7:25PM SGT: Core dev [Y] mentions that finding the location of the rounding issue then implementing and testing a full fix could take an unacceptable amount of time.
7:49PM SGT: Initial public notice on the issue released on Twitter.
7:54PM SGT: Core dev [J] agrees that a temporary hotfix upgrade is more viable.
7:55PM SGT: Core dev [I] proposes a recovery procedure and suggests bypassing safeguard for deltas that are smaller than the LP swap fee, meaning that the chain can be allowed to progress if the issue cannot be exploited. The recovery plan indicates that the changes in the planned v1.13.0 upgrade should be bundled with the hotfix as an emergency upgrade in order to avoid a potential issue where the fix could be accidentally rolled back later on.
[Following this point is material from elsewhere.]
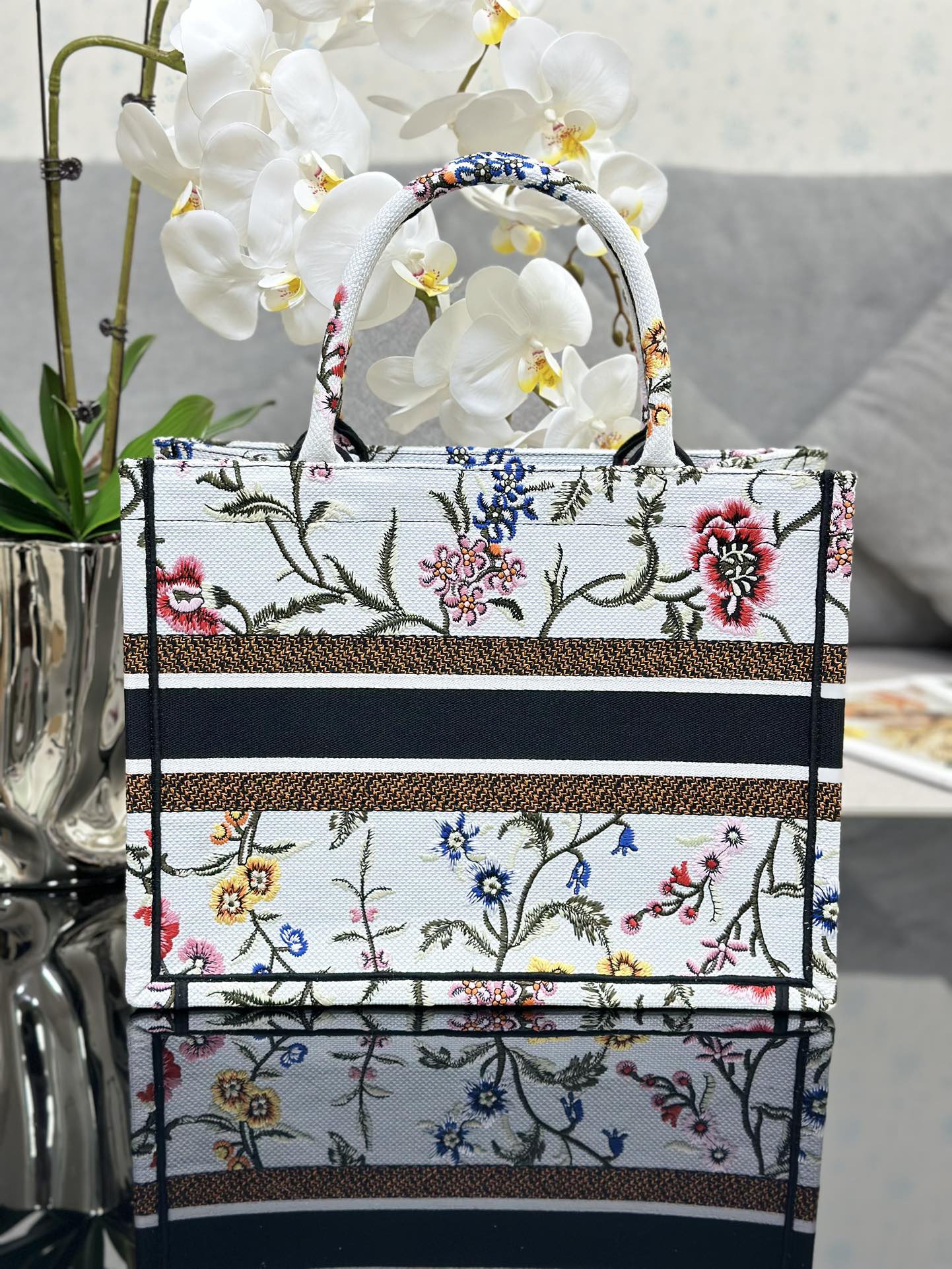 Handbag Dior M1286 size 36 x 27.5 x 16.5 cm - vstockx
The v1.13.0 upgrade will then be cancelled when the chain liveliness is restored.
8:00PM SGT: Core dev [J] gives suggestions to improve recovery plan.
8:01PM SGT: Validators with contact info are notified to be on standby to receive the emergency upgrade.
8:04PM SGT: Core dev [Y] agrees with the suggested bypass.
8:10PM SGT: Core dev [J] agrees with bundling v1.13 changes in the emergency upgrade.
8:18PM SGT: Core dev [I] completes initial implementation of the proposed bypass.
8:19PM SGT: Core dev [Y] suggest improvements to the hotfix.
8:21PM SGT: Core dev [I] completes implementation of the suggested improvements.
8:25PM SGT: Core dev [Y] confirms that the final implementation of the hotfix is viable.
8:27PM SGT: Core dev [J] prepares to release the hotfix as the v1.12.1 emergency upgrade and begins building and uploading the required binaries.
8:42 PM SGT: Validators are notified that the hotfix is being prepared.
9:02PM SGT: Core dev [J] completes the release process for the emergency upgrade.
9:09PM SGT: Validators are notified of the release and briefed on the chain recovery plan.
9:21PM SGT: Validators that are not in the top 4 ranking by delegated stake begin starting their nodes with the new binaries.
9:37PM SGT: 42% of validators by voting power have updated their nodes.
10:02PM SGT: The remaining validators (in the top 5 ranking) continue waiting for more validators to complete their upgrade, so as to avoid them getting inadvertently slashed when the chain resumes block production, due to downtime.
10:12PM SGT: 59.38% of validators by voting power have updated their nodes.
10:13PM SGT: Core dev [Y] identifies the underlying issue and prepares the full bugfix.
10:19PM SGT: The remaining 3 validators discuss if they should wait longer as a validator with a large delegated stake remains uncontactable, in order to avoid slashing a large number of delegators.
10:48PM SGT: Remaining validators agree that sufficient waiting time has passed and that the chain liveliness needs to be restored.
10:54PM SGT: Remaining validators start their nodes, bringing >66.6% of voting power online.
11:00PM SGT: Block 7252687 is produced and chain liveliness is restored.
11:07PM SGT: Public notice regarding incident resolution is issued.
11:12PM SGT: Validators are informed that the existing v1.13 upgrade is no longer necessary and the proposal can be aborted by voting “No”.
11:17PM SGT: Core dev [Y] confirms that the fix for the underlying issue is correct and will be deployed in a new v1.13.1 binary.
8 Feb — 12:56AM SGT: Remaining validators completes upgrade in time. Only one remaining validator with a small delegated stake is jailed.
1:28AM SGT: Governance proposal #27 (v1.13 software upgrade) is rejected, avoiding the possibility of a erroneous rollback.
As the underlying issue is non-critical, it will be fixed in an upcoming upgrade (v1.13.1), in which the temporary bypass will also be removed.
Switcheo’s core devs have found that the erroneous piece of code was already extensively tested through unit tests and fuzz testing. However, the issue was not uncovered beforehand as it is only triggered by an extremely narrow set of values that was not within our fuzz testing input range. In order to reduce the possibility of similar issues occurring again, we will extend the range of input values that is used in all our fuzz testing suites.
We thank the Switcheo community for their patience during this incident and are extremely grateful to the validator operators for their quick response, which allowed the chain liveliness to be restored extremely quickly.